» Work task
Could you return each line from the one bearing "Clip Art Openclipart" through the last line of the entries, exactly as it stands, with no pictures?

» Exercise material
* * * * * * * * *
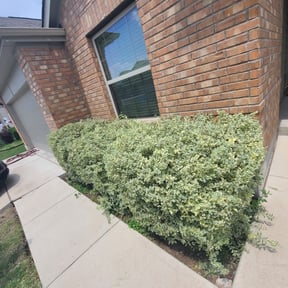 Bush Trimming by Ground Control Lawn Care & Landscaping reviewed on August 19, 2025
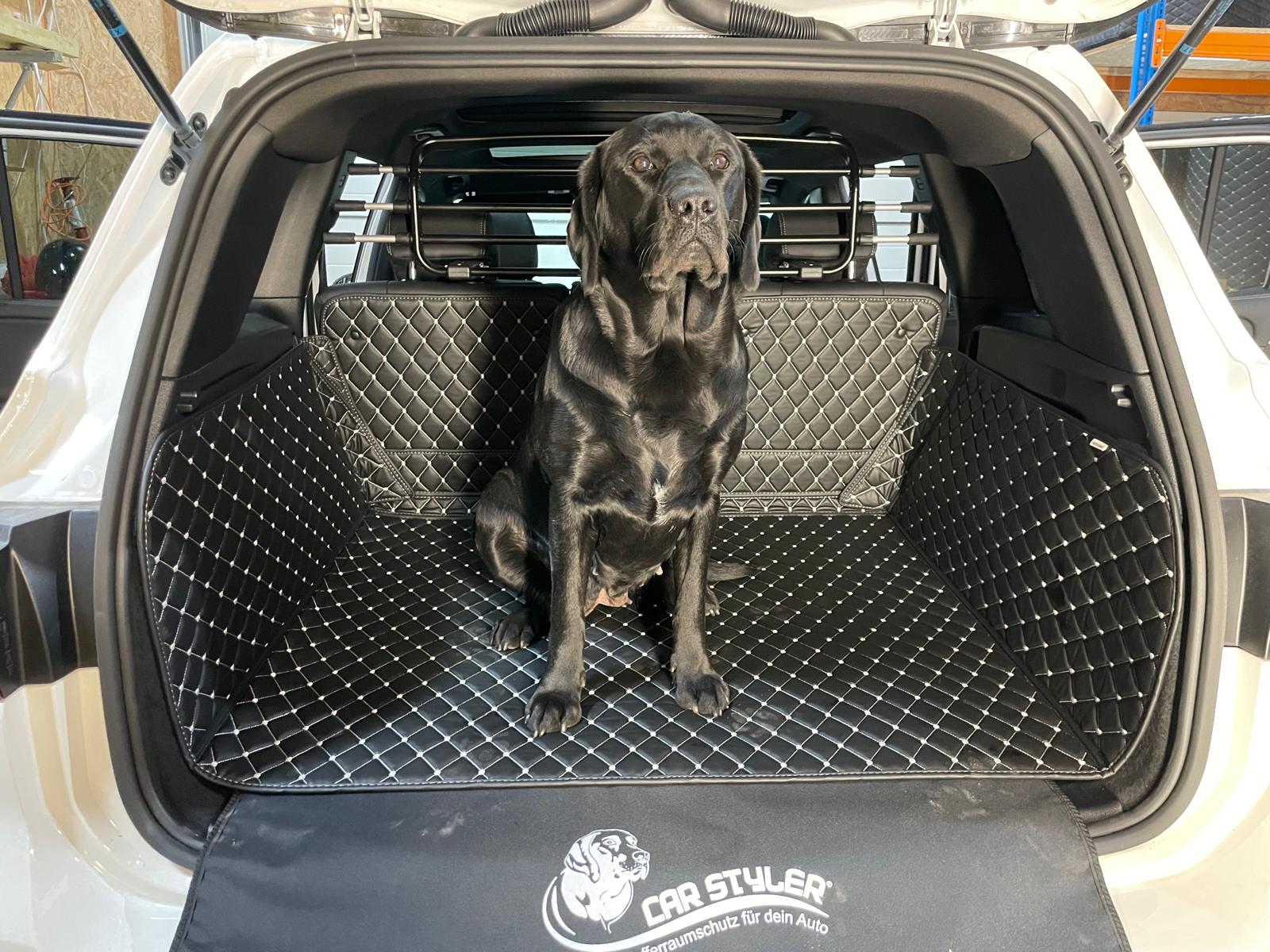 CARSTYLER® Kofferraummatte Kofferraumschutz Hund Für MG MG5, 1 Generation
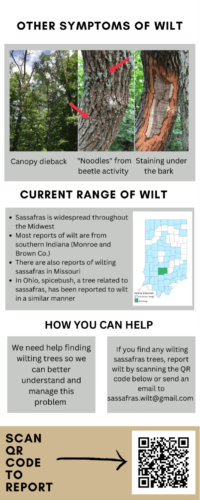 Sassafras flyer page 2.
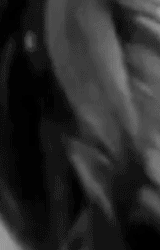 every-seven-seconds:  Military Jacket Girl Striptease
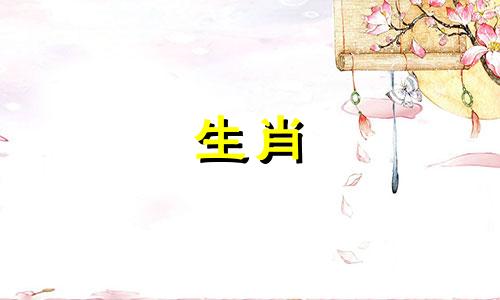 公猴和母猴之间的婚姻匹配吗?母猴的特点是什么?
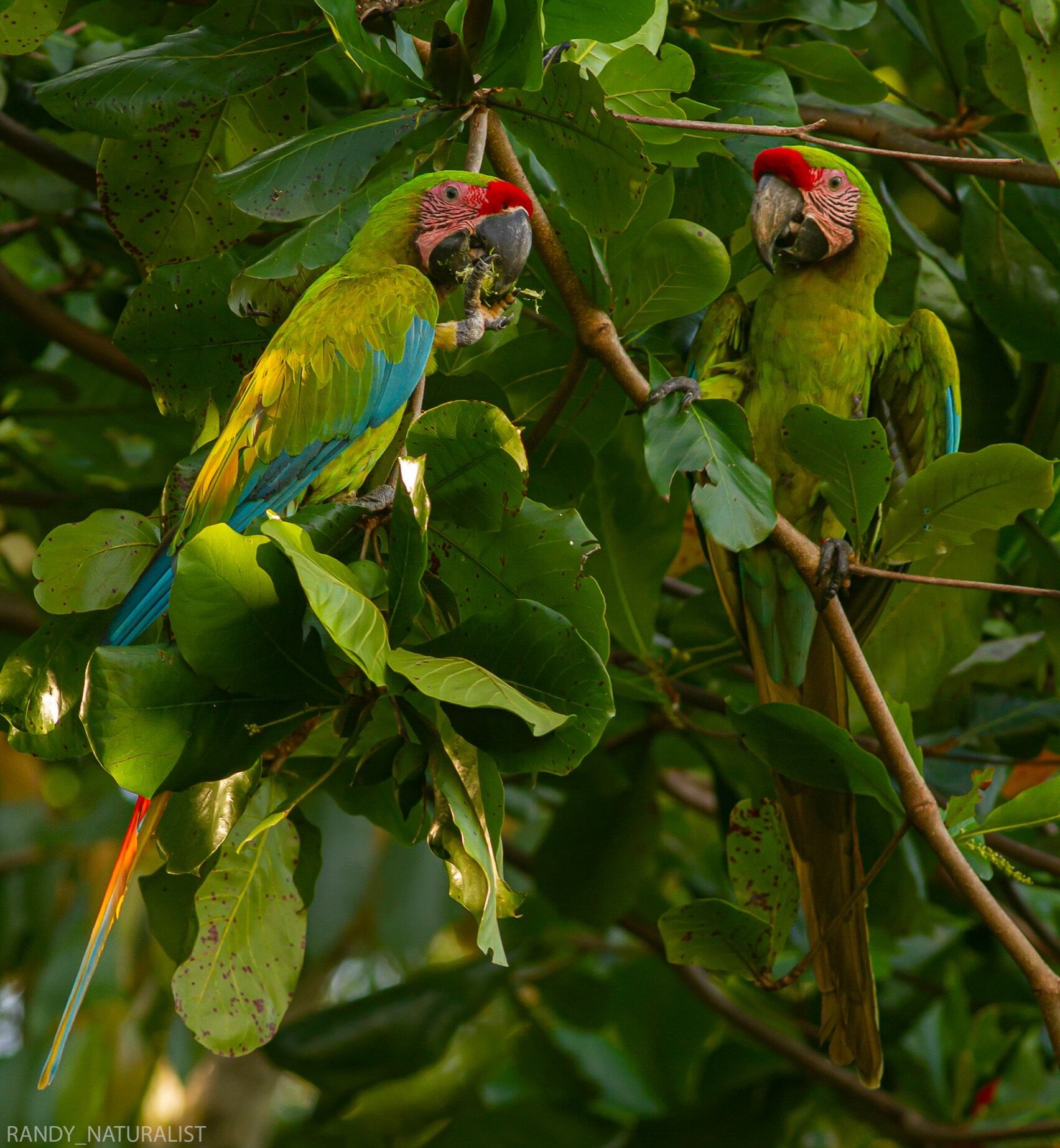 Randy Gómez Alvarado es un siquirreño de la pura cepa, tiene 25 años, es guía naturalista casi desde que nació, le encanta la observación de aves y todo tipo de animales, y está orgulloso de haber logrado una superfoto que le dio la vuelta al mundo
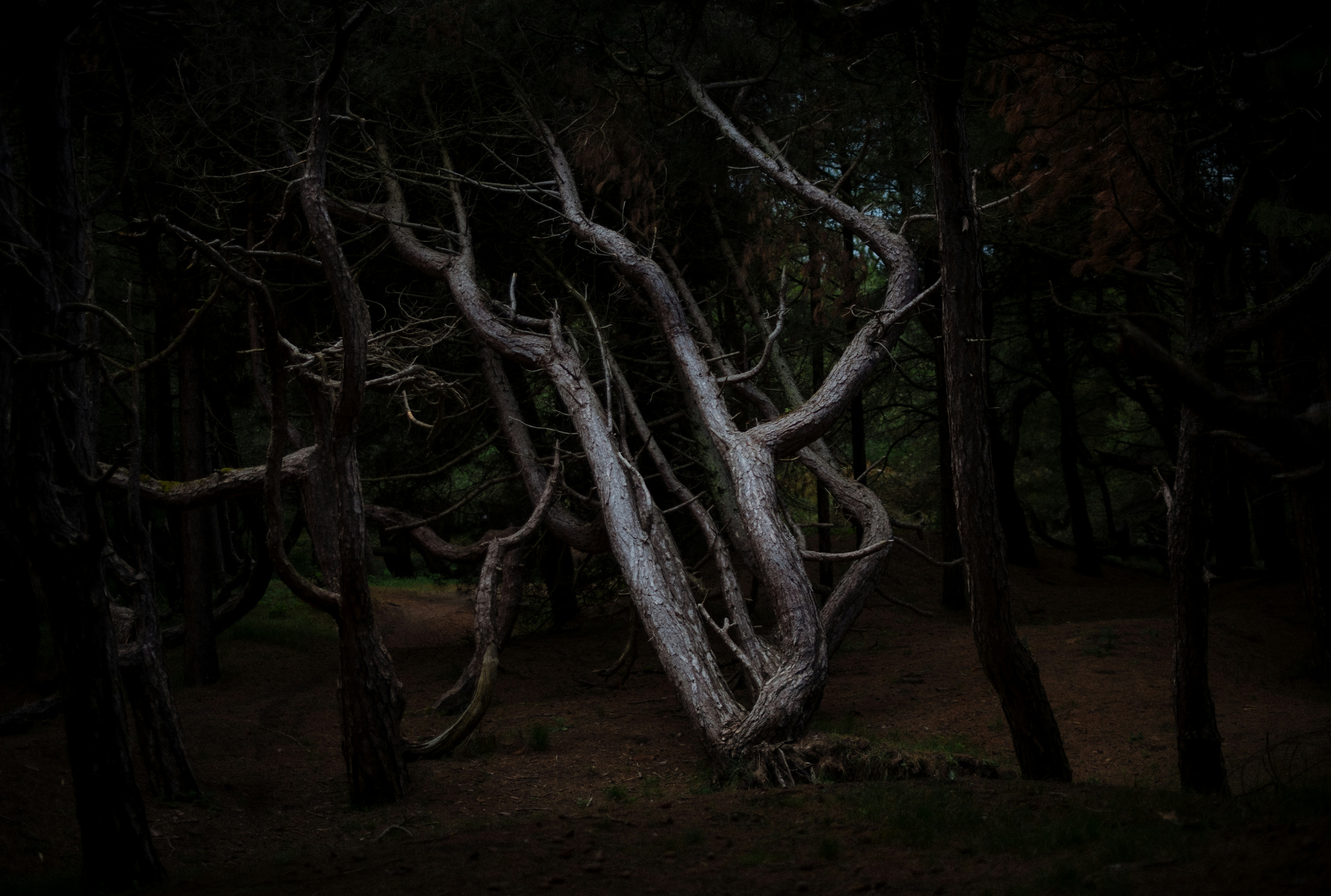 Photo by mitchorr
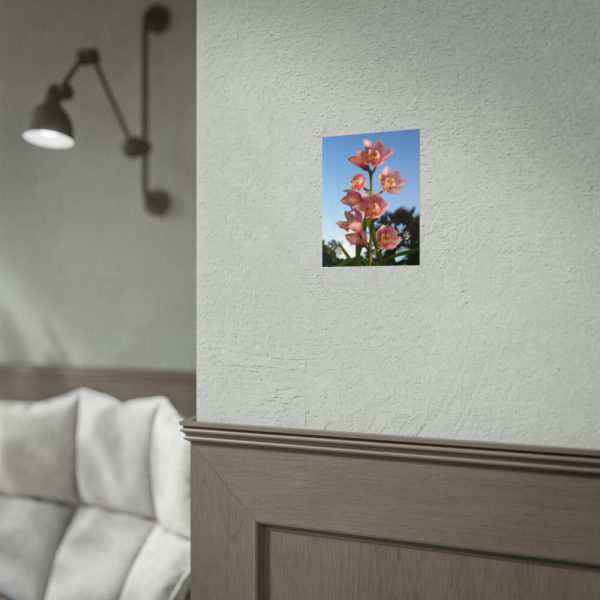 Pink Orchid Flowers Poster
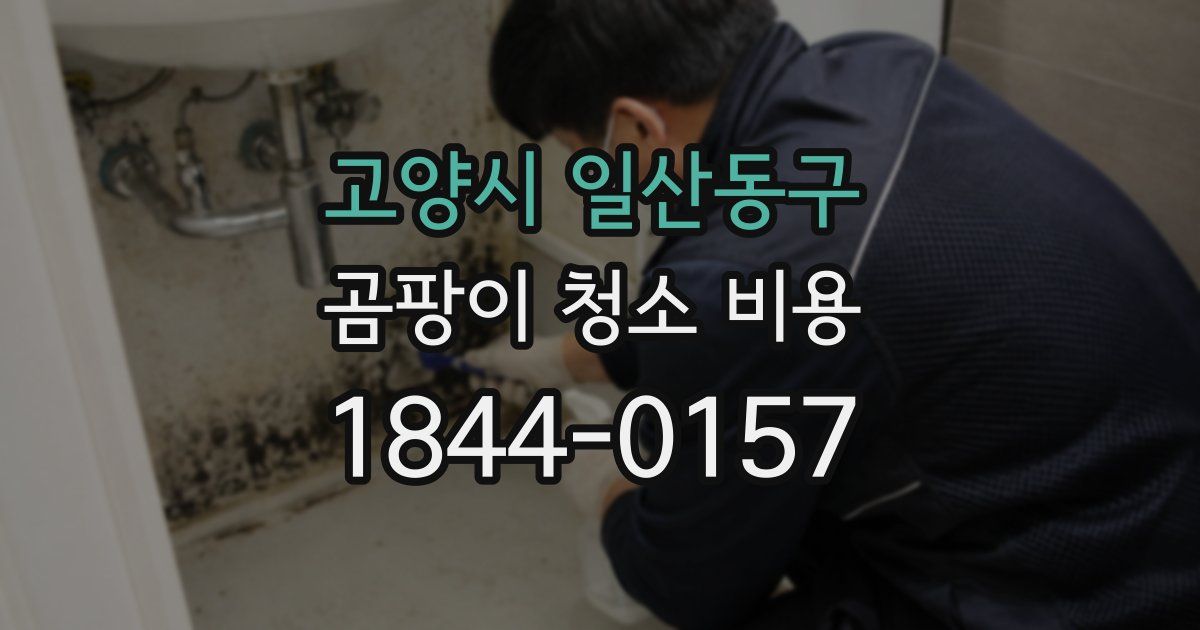 고양시 일산동구 곰팡이 청소 비용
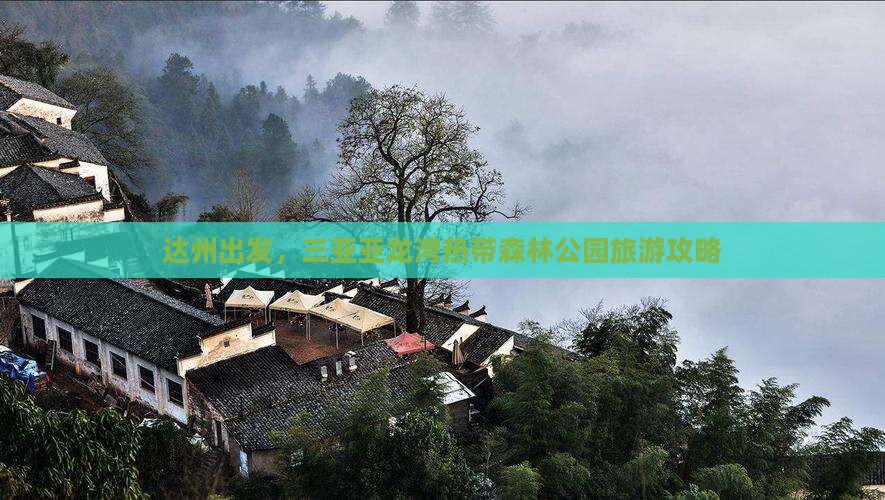 达州去三亚亚龙湾热带森林公园团体旅游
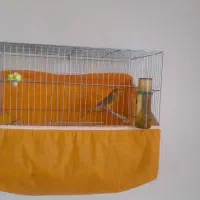 فروش قناری نر مست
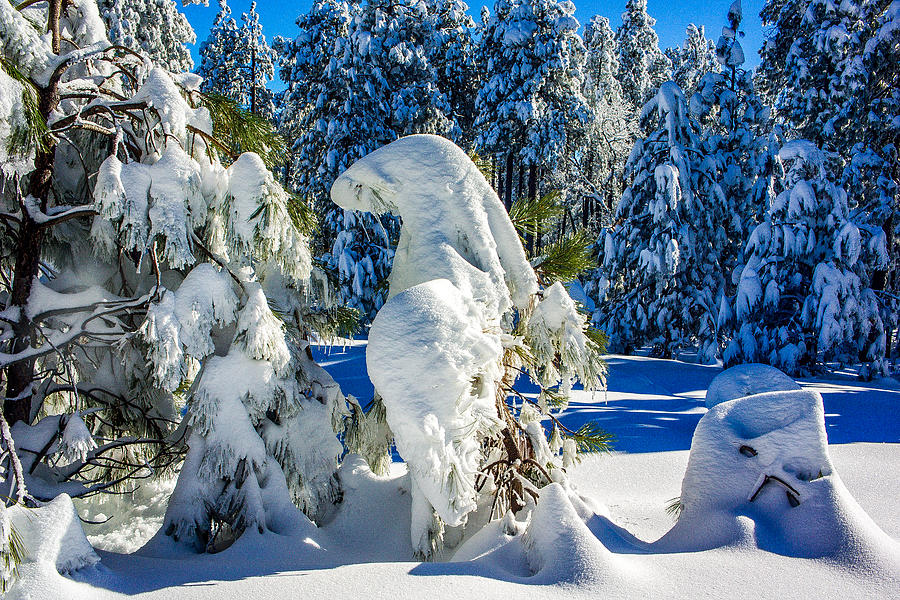 Snow Sculptures Photograph by Barbara Zahno
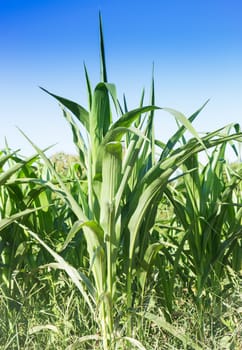 Corn field with blue sky, stock photo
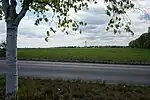 Blick nach Süden vom Ortsausgang Birkenhöhe auf den Funkturm in Birkholzaue (Bernau bei Berlin)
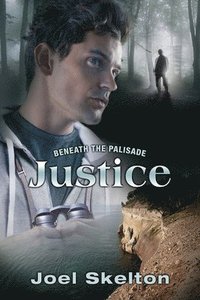 bokomslag Beneath the Palisade: Justice Volume 3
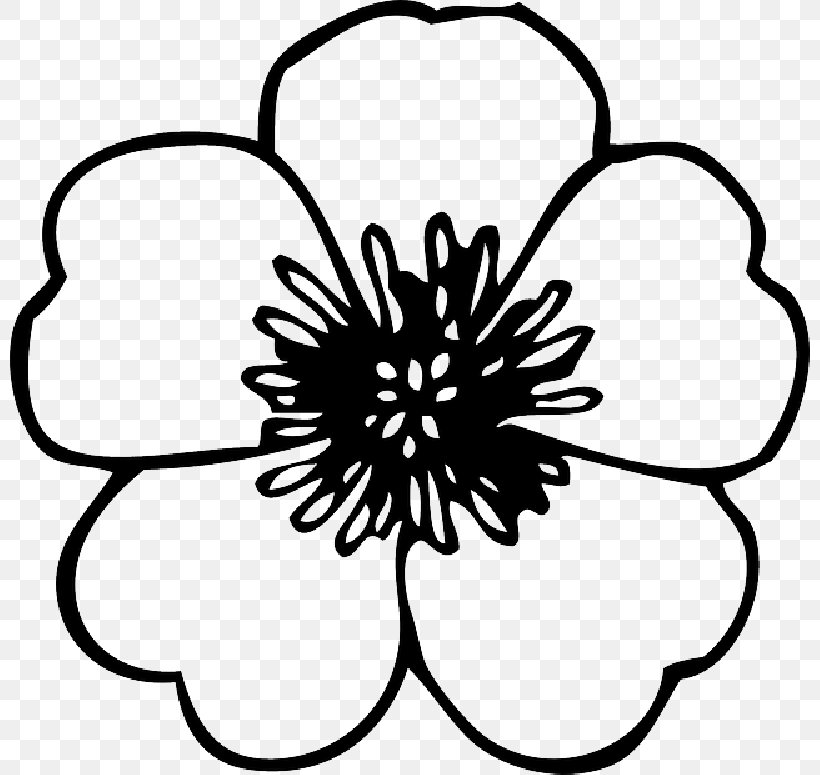 Clip Art Openclipart Flower Free Content Image, PNG, 800x775px, Flower, Blackandwhite, Coloring Book, Document, Flower Bouquet Download Free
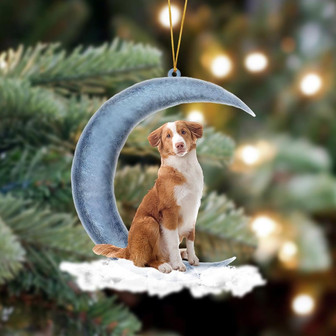 Ornament- Toller Sits On The Moon Hanging Ornament Dog Ornament, Car Ornament, Christmas Ornament - Thegiftio UK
* * * * * * * * *
» Output for this task
 Clip Art Openclipart Flower Free Content Image, PNG, 800x775px, Flower, Blackandwhite, Coloring Book, Document, Flower Bouquet Download Free
 Ornament- Toller Sits On The Moon Hanging Ornament Dog Ornament, Car Ornament, Christmas Ornament - Thegiftio UK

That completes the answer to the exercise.